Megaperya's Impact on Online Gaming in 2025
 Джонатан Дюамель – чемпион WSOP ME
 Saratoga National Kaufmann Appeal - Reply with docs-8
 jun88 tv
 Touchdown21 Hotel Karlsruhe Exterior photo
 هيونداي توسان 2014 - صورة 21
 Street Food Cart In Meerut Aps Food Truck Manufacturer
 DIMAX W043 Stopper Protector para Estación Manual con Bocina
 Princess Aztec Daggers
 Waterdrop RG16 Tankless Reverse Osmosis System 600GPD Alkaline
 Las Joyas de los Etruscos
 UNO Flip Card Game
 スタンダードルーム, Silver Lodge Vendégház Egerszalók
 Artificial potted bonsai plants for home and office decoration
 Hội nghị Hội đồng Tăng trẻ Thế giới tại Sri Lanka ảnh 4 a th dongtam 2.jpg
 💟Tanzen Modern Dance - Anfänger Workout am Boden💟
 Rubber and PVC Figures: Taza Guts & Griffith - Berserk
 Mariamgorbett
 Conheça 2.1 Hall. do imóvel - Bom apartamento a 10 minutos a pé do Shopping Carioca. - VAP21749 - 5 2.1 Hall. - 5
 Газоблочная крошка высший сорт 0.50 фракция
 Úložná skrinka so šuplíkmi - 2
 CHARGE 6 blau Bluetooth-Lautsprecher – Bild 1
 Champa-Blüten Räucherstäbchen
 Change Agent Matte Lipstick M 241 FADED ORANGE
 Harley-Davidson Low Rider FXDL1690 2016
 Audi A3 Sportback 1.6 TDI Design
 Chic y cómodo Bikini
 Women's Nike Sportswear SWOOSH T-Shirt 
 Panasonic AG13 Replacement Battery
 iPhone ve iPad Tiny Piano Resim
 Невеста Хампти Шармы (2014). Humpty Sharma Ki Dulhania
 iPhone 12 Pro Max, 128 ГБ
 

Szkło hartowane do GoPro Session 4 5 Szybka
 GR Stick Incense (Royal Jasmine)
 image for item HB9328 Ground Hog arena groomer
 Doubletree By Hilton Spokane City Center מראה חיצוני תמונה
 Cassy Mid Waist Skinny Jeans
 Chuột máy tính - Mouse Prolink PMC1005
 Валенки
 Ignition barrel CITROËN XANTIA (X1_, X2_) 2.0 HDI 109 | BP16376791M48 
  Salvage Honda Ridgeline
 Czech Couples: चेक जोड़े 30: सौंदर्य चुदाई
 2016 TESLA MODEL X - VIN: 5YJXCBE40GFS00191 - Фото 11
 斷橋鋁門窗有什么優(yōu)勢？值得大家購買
********************
Instructions for the task: Above are some lines. Repeat exactly, and only, those from the line that has "Waterdrop RG16 Tankless" through the line that has "Conheça 2.1 Hall.".

Solution to this exercise:
 Waterdrop RG16 Tankless Reverse Osmosis System 600GPD Alkaline
 Las Joyas de los Etruscos
 UNO Flip Card Game
 スタンダードルーム, Silver Lodge Vendégház Egerszalók
 Artificial potted bonsai plants for home and office decoration
 Hội nghị Hội đồng Tăng trẻ Thế giới tại Sri Lanka ảnh 4 a th dongtam 2.jpg
 💟Tanzen Modern Dance - Anfänger Workout am Boden💟
 Rubber and PVC Figures: Taza Guts & Griffith - Berserk
 Mariamgorbett
 Conheça 2.1 Hall. do imóvel - Bom apartamento a 10 minutos a pé do Shopping Carioca. - VAP21749 - 5 2.1 Hall. - 5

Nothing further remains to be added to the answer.